ROCCA 15 OTTOBRE 2022

(…) E così, di Porcellum in Porcellum siamo arrivati a questa bella legge elettorale offertaci e mai ripudiata dal Partito Democratico, che fa fuggire i non rappresentati dai seggi e dà la maggioraza assoluta (quasi i due terzi!) a chi è minoranza nel Paese e crea un Parlamento, sfoltito di molti seggi perchè non sia troppo d’intralcio al governo. Ma le due parti sono poi tanto diverse? Tutte e due vogliono le stesse cose, un’economia che uccide, come la chiama il Papa…

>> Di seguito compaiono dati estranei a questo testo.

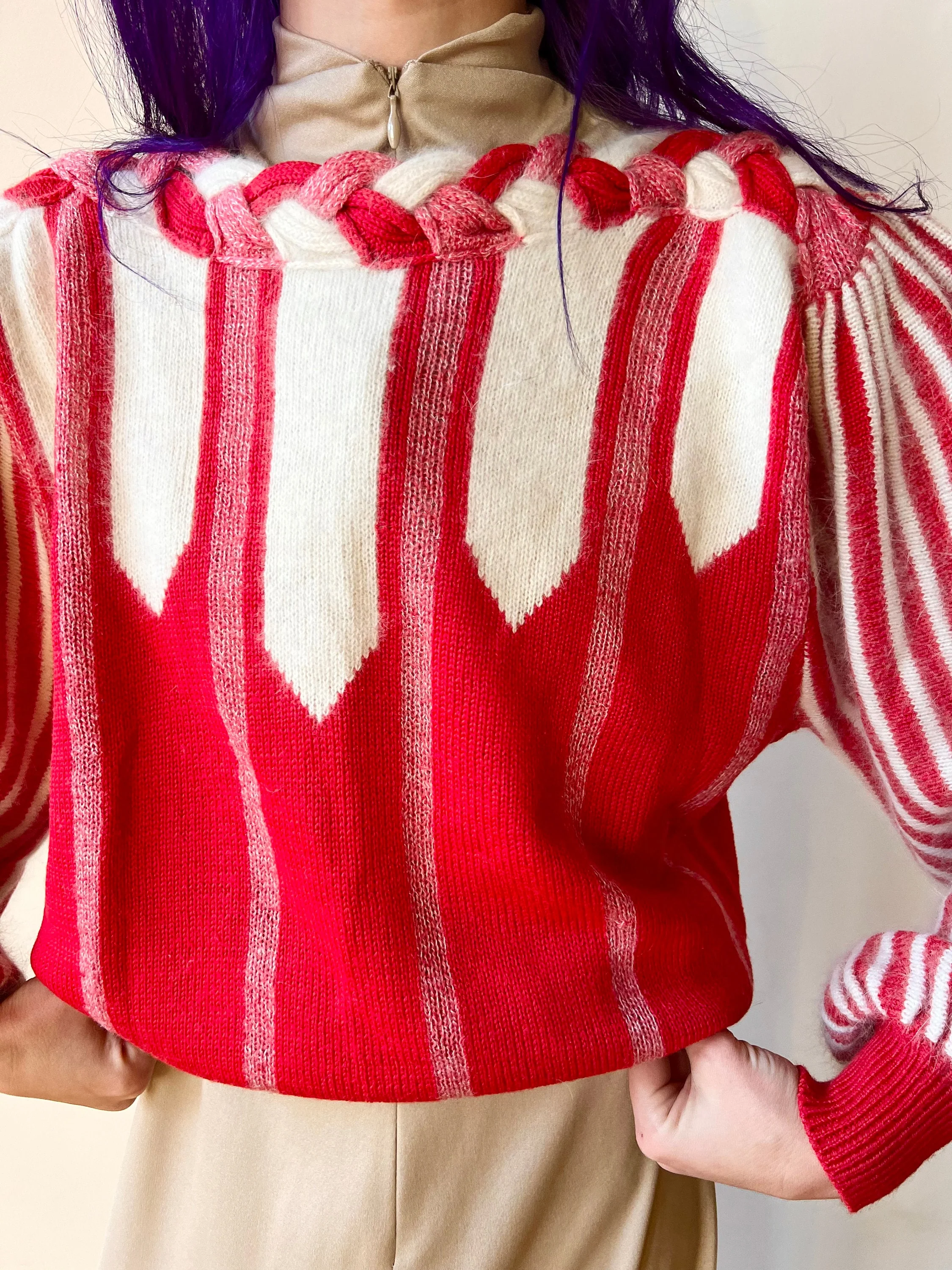 80s Candy Cane Red White Striped Balloon Sleeve Angora Wool Acrylic Sweater by  Candy Cane - Image 7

821282f3-8eb7-4ae0-8d06-5ac3110ab912costituente-terra-logoCostituente Terra. Newsletter n. 94 del 28 settembre 2022

HA VINTO IL SISTEMA

Cari Amici,
la sciagura è alla fine arrivata. Ha vinto la destra-destra; molti la chiamano fascismo. Anche la satira si è presentata il giorno dopo in camicia nera, come a dire: “ormai è fatta”. Arriva la prima donna, una sola, al comando, a sostituire l’ultimo uomo, che era tanto piaciuto a tutti, aveva occhi di drago (draghi e tigri tanto amati da Letta). E ora tutti piangono, perfino “La Stampa”, che è pentita, ed “Otto e mezzo”, temono un governo come non ne avevamo dal 25 luglio 1943, per fortuna di mezzo c’è la Costituzione, non lo Statuto albertino.

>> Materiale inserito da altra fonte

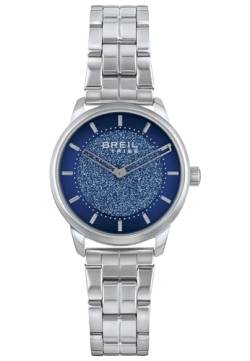 Breil Lucille Damen Armbanduhr aus Edelstahl in der Farbe Silber-Blau 32mm, Wasserdichtigkeit: 5Bar, EW0610 von Breil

Ma non ha vinto il fascismo. Ha vinto il sistema che con tanto trasporto e accanimento e falso messianismo, abbiamo creato. Il sistema che si fonda e si conserva costruendo il nemico: sul piano internazionale e sul piano interno, perché non ci può essere su un piano se non c’è anche sull’altro.

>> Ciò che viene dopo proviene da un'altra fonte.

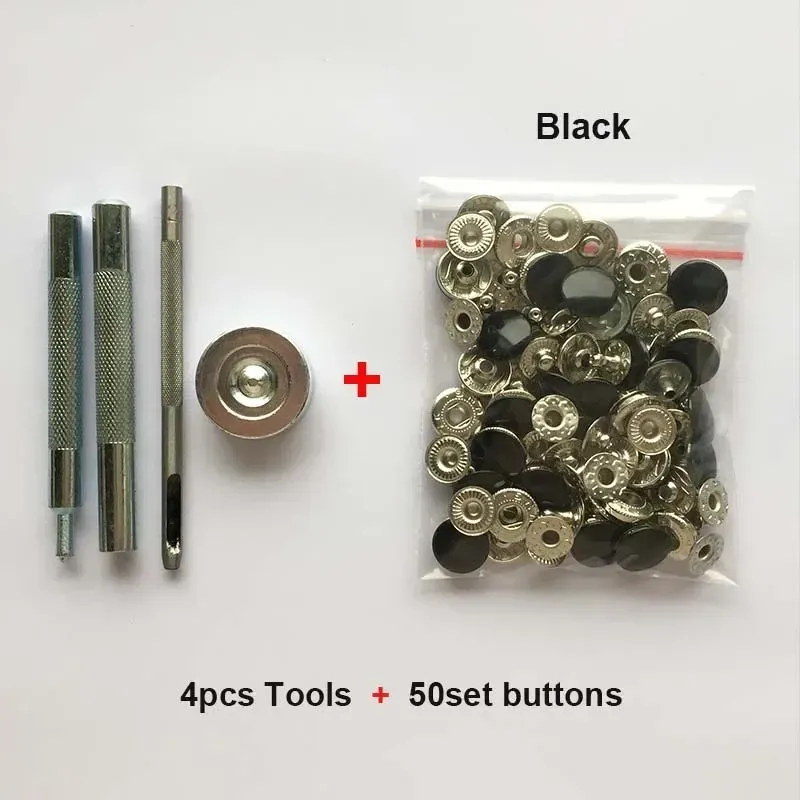 Leder Druckknöpfe Metall 10 bis 15 mm mit Werkzeugen für Kleidung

Sul piano interno il sistema lo abbiamo restaurato quando, con la fine del comunismo, temevamo di perderlo. Prima di tutto abbiamo esorcizzato le idee (dette ideologie) e sciolto i partiti: col pretesto che non avevano le mani pulite, abbiamo fatto sì che non avessero più mani (ci fu anche un libro di poesie intitolato così). Poi abbiamo licenziato pluralismo e proporzionale e abbiamo messo sugli altari un sistema “a vocazione maggioritaria”, come diceva il versatile Veltroni, chi vince vince tutto, chi perde perde tutto, e il suo istituto fondatore fu battezzato con un nome inglese (come è d’obbligo), ed è lo “spoil system” (la divisione delle spoglie), senza pensare che la maggioranza se la potevano prendere gli altri; il Partito Democratico e l’Ulivo che avevano messo insieme, senza altre spiegazioni, le due antropologie che più si erano combattute e cimentate in un dialogo foriero di “cose nuove” e di un “uomo inedito”, si acconciarono a fare una delle due parti, senza una cultura , la parte che alzando le braccia al cielo Berlusconi, alla fine della campagna elettorale, esecra come “la sinistra!”. E così, di Porcellum in Porcellum siamo arrivati a questa bella legge elettorale offertaci e mai ripudiata dal Partito Democratico, che fa fuggire i non rappresentati dai seggi e dà la maggioraza assoluta (quasi i due terzi!) a chi è minoranza nel Paese e crea un Parlamento, sfoltito di molti seggi perchè non sia troppo d’intralcio al governo. Ma le due parti sono poi tanto diverse? Tutte e due vogliono le stesse cose, un’economia che uccide, come la chiama il Papa, e disoccupati senza reddito di cittadinanza, e il Nemico esterno.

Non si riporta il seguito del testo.